Abortion rights motivate voters in competitive Petersburg district
Abortion was the top priority for voters in Petersburg as they headed to the polls on Election Day in an extremely competitive district.
“Even though the other things are important. That's more important than anything,” said Wilma Nedrick. Nedrick said she planned to vote for Kimberly Pope Adams, who is seeking to unseat incumbent Del. Kimberly Taylor.
House District 82 appears to be a close race in Virginia, according to voter data put together by the Virginia Public Access Project. Youngkin won the district in 2021 by 2 percentage points. In last year’s election, voters supported congressional Democrats by a 1% margin, according to VPAP.
It’s a similar situation to other competitive districts listed by VPAP: a swing towards Democrats between the 2021 gubernatorial election and the 2022 congressional election, in the wake of the fall of Roe v. Wade.
There is also data that suggests that whichever party wins this race could control the House of Delegates when the General Assembly convenes in January.
Democrats outperformed Republicans within these borders during the 2022 election, as they did in about half of the other 100 House districts, according to VPAP data.
Brandy Faulkner, a political science professor at Virginia Tech, described the balance of power in Virginia as “very delicate.”
“We know that the governor would like to minimize reproductive health rights in the state of Virginia and he certainly has some support in the General Assembly to do that,” she said. “But he definitely would need a major win in this election to be able to push some of the legislation through.”
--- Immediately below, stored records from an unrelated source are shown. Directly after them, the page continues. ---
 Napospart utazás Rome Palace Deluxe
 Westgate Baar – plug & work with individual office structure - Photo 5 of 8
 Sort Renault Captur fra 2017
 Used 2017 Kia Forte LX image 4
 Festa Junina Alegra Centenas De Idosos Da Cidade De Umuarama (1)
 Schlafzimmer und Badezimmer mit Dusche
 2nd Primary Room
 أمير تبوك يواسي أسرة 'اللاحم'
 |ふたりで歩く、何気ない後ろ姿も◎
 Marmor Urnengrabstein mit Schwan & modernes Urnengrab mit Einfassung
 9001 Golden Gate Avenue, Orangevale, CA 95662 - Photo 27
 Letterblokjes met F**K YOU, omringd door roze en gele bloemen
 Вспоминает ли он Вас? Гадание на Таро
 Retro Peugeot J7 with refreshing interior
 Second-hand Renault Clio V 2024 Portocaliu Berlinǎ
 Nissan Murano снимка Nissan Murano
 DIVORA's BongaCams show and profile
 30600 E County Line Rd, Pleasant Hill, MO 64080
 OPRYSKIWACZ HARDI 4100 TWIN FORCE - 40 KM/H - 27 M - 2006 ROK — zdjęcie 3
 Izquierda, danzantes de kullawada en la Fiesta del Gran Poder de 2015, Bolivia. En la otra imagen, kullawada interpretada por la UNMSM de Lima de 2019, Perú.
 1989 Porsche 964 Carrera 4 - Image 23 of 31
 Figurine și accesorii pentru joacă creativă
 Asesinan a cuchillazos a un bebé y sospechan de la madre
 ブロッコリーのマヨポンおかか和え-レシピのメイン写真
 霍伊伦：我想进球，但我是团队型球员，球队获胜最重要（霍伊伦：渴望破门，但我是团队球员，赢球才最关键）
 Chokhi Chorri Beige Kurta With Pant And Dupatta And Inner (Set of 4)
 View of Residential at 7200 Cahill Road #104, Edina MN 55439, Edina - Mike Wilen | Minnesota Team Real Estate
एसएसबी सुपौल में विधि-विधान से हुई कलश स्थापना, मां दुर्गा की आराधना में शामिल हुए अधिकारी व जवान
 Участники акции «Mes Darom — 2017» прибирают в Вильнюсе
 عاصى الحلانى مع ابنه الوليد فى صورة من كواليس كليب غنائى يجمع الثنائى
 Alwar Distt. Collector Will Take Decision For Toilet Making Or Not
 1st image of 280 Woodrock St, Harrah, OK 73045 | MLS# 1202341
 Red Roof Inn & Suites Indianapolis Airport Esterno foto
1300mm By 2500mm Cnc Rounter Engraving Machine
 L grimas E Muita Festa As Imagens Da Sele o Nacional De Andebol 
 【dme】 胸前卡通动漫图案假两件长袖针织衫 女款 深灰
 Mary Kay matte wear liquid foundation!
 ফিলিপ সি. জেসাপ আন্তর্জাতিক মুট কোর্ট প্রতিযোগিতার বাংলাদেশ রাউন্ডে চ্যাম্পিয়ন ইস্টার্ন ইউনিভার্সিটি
Both campaigns have put significant resources into the district, with voters saying they looked forward to the end of the campaign.
It’s an effort to get out the vote, too. Alice Robbins voted mostly based on party identity.
“I've just always been Republican and I stick with that,” she said, also listing veterans issues as a priority for her. “I think if we can get control of the House, some of those things might turn for the better.”
While abortion was the most cited issue in voters that VPM spoke with, they also mentioned gun control and education.